_Work item_
Among the entries that follow, locate the line with "Serrure de contact" and the line with "Tragic Highway Collision". Output those lines and all lines in between, exactly, minus the pictures.

_Source data_

--- START ---

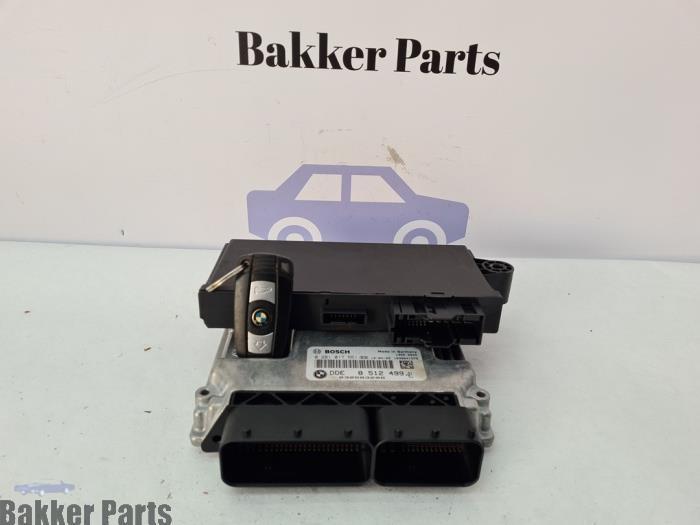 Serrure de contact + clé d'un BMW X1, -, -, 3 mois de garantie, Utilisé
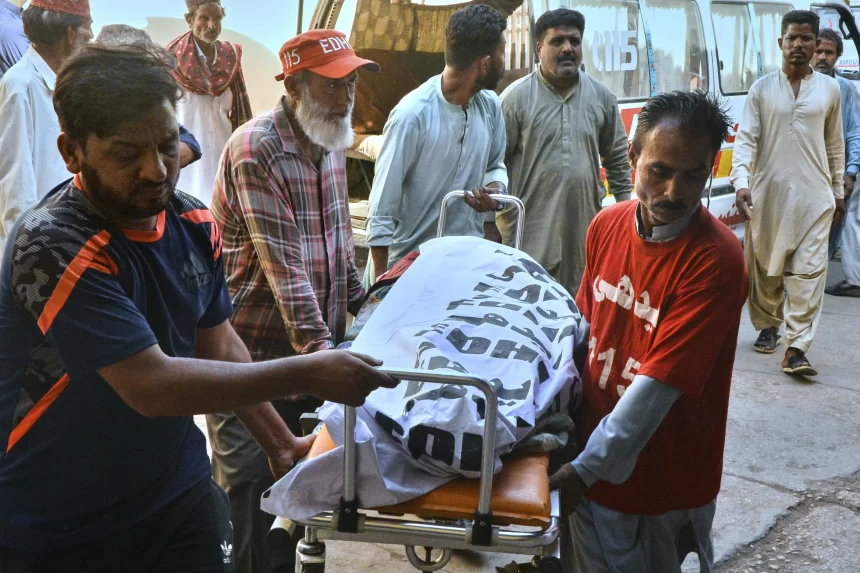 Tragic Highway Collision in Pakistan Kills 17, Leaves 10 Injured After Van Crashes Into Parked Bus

--- END ---
--- START ---

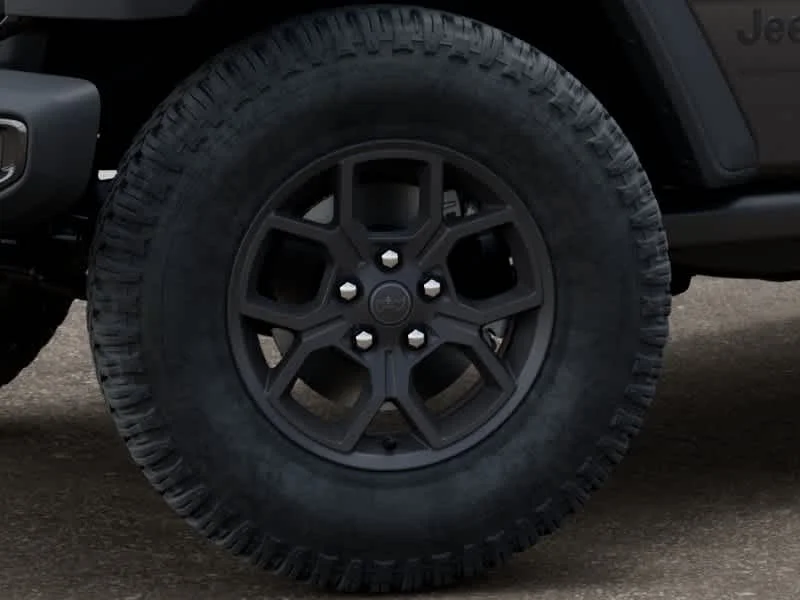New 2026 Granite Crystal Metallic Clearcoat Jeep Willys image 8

--- END ---

_Final answer_
 Serrure de contact + clé d'un BMW X1, -, -, 3 mois de garantie, Utilisé
 Tragic Highway Collision in Pakistan Kills 17, Leaves 10 Injured After Van Crashes Into Parked Bus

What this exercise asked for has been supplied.